On the fundamental equations of piezoelasticity of quasicrystal media

The three-dimensional fundamental equations of elasticity of quasicrystals with extension to quasi-static electric effect are expresses in both differential and variational invariant forms for a regular region of quasicrystal material. The principle of conservation of energy is stated for the regular region and the constitutive relations are obtained for the piezoelasticity of material. A theorem is proved for the uniqueness in solutions of the fundamental equations by means of the energy argument. The sufficient boundary and initial conditions are enumerated for the uniqueness. Hamilton’s principle is stated for the regular region and a three-field variational principle is obtained under some constraint conditions.
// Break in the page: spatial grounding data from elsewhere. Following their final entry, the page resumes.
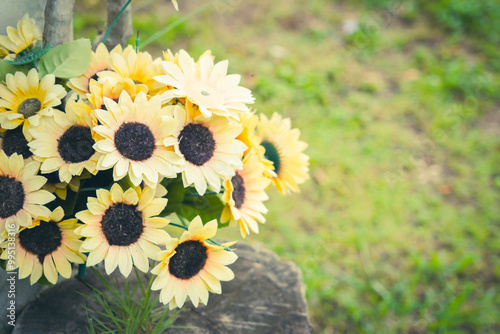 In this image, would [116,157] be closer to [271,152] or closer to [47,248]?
[47,248]

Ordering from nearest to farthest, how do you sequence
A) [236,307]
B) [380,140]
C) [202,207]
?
1. [202,207]
2. [236,307]
3. [380,140]

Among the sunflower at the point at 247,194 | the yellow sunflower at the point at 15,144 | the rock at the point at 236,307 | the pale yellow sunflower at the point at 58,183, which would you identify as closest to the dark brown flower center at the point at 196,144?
the sunflower at the point at 247,194

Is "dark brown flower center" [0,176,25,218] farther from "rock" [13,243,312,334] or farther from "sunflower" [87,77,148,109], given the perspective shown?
"rock" [13,243,312,334]

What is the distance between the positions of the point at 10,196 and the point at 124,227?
0.69 ft

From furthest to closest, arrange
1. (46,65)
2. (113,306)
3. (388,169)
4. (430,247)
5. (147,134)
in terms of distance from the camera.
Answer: (388,169), (430,247), (113,306), (46,65), (147,134)

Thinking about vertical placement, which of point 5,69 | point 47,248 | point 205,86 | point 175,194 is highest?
point 205,86

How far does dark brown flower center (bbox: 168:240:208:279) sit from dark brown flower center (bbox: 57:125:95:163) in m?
0.25

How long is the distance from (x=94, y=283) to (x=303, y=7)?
9.20ft

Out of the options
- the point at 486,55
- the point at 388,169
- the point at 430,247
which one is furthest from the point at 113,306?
the point at 486,55

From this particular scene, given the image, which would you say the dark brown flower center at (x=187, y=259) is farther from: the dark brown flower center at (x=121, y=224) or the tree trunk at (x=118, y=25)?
the tree trunk at (x=118, y=25)

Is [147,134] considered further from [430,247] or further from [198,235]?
[430,247]

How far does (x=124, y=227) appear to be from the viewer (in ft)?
2.51

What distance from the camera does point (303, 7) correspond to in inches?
129

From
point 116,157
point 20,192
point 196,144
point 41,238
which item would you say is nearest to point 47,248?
point 41,238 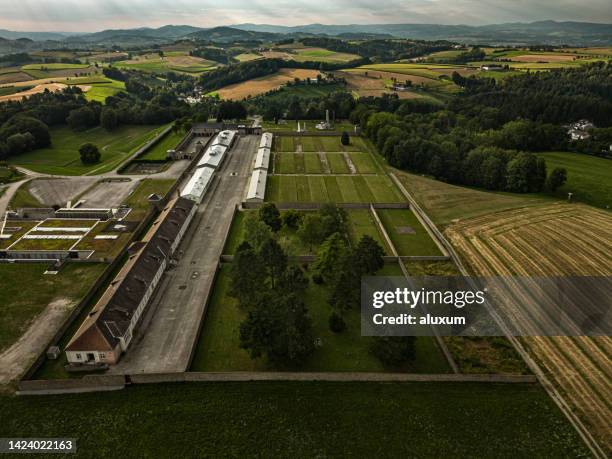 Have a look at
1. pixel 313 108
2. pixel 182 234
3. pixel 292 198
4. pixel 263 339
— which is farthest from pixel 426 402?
pixel 313 108

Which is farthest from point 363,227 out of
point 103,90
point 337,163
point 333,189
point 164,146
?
point 103,90

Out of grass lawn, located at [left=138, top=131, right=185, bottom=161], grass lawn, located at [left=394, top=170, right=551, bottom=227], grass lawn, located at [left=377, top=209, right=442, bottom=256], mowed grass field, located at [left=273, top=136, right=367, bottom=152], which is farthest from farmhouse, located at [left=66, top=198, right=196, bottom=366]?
mowed grass field, located at [left=273, top=136, right=367, bottom=152]

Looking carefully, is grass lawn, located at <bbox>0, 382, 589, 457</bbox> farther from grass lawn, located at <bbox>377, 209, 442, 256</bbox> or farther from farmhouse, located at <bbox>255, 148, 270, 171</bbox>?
farmhouse, located at <bbox>255, 148, 270, 171</bbox>

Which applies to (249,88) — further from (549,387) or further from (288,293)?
(549,387)

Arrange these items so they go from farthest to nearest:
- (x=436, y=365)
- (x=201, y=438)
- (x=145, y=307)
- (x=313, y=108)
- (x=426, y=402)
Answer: (x=313, y=108), (x=145, y=307), (x=436, y=365), (x=426, y=402), (x=201, y=438)

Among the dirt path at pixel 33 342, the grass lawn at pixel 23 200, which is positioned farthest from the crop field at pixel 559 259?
the grass lawn at pixel 23 200

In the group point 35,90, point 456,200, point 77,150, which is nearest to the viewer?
point 456,200

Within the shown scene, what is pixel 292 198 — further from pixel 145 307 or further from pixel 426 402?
pixel 426 402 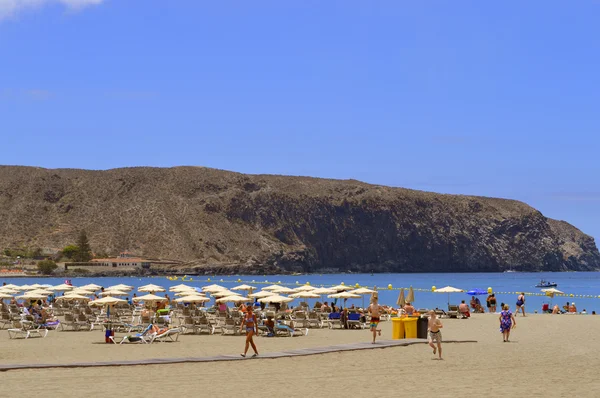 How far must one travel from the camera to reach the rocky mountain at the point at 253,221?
6161 inches

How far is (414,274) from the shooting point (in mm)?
187000

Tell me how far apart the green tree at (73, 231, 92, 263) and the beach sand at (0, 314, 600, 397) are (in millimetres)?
122726

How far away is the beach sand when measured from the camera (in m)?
13.7

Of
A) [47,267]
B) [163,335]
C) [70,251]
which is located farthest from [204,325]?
[70,251]

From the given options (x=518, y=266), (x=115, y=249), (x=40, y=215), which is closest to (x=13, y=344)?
(x=115, y=249)

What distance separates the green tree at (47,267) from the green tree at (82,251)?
5.13 meters

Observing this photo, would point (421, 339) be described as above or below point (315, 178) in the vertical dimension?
below

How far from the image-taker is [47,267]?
5453 inches

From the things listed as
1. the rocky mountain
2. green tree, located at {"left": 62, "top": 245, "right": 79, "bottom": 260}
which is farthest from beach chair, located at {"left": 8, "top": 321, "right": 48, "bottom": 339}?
green tree, located at {"left": 62, "top": 245, "right": 79, "bottom": 260}

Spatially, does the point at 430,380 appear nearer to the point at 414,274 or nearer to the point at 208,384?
the point at 208,384

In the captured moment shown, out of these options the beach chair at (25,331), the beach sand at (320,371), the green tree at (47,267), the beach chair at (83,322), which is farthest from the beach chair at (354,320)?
the green tree at (47,267)

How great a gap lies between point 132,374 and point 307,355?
4.60 metres

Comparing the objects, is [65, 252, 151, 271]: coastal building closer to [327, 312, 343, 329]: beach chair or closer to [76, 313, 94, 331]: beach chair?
[76, 313, 94, 331]: beach chair

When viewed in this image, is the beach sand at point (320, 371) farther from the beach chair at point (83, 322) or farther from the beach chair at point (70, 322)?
the beach chair at point (83, 322) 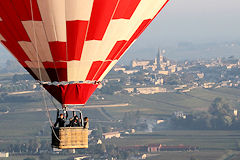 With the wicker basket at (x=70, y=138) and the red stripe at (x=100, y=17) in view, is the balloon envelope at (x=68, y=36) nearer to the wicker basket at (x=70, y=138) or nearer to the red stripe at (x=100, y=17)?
the red stripe at (x=100, y=17)

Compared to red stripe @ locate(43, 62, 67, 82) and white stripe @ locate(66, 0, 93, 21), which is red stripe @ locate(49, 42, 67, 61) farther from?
white stripe @ locate(66, 0, 93, 21)

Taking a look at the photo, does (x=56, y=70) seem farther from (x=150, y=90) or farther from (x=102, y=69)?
(x=150, y=90)

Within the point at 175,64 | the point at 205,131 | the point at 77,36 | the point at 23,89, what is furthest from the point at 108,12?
the point at 175,64

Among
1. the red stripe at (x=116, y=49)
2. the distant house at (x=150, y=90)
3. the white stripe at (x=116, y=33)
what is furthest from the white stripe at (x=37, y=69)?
the distant house at (x=150, y=90)

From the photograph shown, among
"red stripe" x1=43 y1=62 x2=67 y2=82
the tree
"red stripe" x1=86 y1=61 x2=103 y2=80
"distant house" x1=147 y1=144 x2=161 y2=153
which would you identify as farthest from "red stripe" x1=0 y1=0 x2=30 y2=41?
"distant house" x1=147 y1=144 x2=161 y2=153

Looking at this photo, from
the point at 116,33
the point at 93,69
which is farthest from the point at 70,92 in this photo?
the point at 116,33

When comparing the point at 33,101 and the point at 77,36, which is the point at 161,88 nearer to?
the point at 33,101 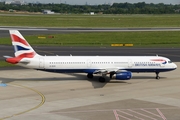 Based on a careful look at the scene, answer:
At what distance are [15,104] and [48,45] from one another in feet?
192

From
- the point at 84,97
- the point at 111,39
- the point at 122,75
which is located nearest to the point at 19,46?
the point at 84,97

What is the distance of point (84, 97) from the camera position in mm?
46875

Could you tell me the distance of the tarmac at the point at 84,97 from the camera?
3900cm

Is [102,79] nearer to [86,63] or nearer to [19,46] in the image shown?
[86,63]

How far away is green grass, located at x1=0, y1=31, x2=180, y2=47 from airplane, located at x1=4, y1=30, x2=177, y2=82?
4477 cm

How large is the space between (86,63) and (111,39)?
59287mm

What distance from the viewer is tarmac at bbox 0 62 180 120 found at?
39.0m

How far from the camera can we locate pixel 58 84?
181ft

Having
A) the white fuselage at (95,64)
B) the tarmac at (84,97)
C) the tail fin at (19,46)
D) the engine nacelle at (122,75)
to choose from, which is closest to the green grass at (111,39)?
the tarmac at (84,97)

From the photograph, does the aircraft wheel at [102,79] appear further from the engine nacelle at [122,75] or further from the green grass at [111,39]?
the green grass at [111,39]

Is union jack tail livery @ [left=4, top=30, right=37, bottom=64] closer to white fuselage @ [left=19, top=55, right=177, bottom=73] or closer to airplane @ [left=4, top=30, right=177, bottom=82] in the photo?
airplane @ [left=4, top=30, right=177, bottom=82]

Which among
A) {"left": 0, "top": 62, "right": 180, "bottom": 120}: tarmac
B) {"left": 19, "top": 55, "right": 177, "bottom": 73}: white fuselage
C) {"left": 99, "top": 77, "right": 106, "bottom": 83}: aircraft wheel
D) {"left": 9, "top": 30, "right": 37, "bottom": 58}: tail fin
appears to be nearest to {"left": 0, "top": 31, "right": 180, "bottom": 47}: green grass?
{"left": 0, "top": 62, "right": 180, "bottom": 120}: tarmac

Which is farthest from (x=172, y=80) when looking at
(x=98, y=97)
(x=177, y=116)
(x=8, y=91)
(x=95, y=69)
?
(x=8, y=91)

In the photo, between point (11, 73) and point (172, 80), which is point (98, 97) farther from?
point (11, 73) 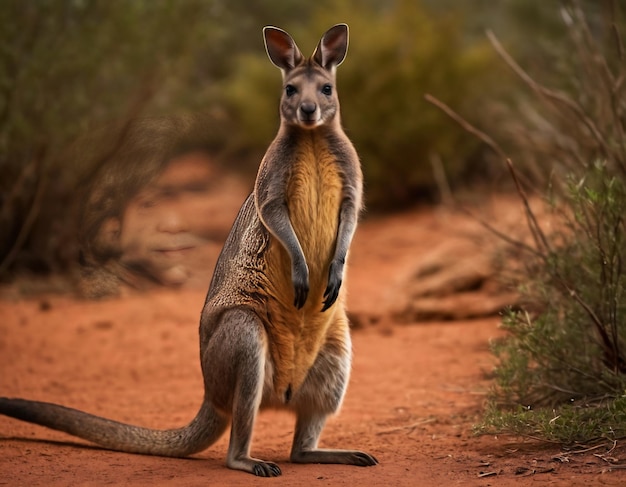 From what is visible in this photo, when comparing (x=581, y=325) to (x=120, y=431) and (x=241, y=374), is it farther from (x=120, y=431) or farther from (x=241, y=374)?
(x=120, y=431)

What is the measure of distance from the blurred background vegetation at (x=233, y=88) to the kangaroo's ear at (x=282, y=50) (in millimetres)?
2371

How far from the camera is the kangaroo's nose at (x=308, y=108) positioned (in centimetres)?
482

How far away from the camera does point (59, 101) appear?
1048 centimetres

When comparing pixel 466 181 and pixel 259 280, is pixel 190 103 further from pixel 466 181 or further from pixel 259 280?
pixel 259 280

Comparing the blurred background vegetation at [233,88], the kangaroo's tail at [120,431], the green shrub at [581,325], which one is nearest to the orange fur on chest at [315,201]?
the kangaroo's tail at [120,431]

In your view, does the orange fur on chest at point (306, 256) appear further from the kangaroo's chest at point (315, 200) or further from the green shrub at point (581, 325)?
the green shrub at point (581, 325)

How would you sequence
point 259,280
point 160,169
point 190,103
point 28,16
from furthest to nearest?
point 190,103 < point 160,169 < point 28,16 < point 259,280

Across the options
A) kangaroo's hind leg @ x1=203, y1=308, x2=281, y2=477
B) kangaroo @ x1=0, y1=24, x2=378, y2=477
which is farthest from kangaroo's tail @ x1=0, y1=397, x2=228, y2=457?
kangaroo's hind leg @ x1=203, y1=308, x2=281, y2=477

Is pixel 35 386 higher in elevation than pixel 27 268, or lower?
lower

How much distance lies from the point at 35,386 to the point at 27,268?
152 inches

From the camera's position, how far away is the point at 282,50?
5211 mm

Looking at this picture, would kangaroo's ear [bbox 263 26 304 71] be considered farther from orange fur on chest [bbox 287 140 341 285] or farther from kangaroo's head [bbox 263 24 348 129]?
orange fur on chest [bbox 287 140 341 285]

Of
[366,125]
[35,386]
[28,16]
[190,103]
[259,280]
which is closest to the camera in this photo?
[259,280]

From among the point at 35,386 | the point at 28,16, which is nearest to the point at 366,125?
the point at 28,16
The constraint conditions, which are generally undesirable in computation, are removed by applying an involutory transformation. Then, a unified variational principle is obtained for the regular region, with one or more fixed internal surface of discontinuity. The variational principle operating on all the field variables generates all the fundamental equations of piezoelasticity of quasicrystals under the symmetry conditions of the phonon stress tensor and the initial conditions. The resulting equations, which are expressible in any system of coordinates and may be used through simultaneous approximation upon all the field variables in a direct method of solutions, pave the way to the study of important dislocation, fracture and interface problems of both elasticity and piezoelasticity of quasicrystal materials.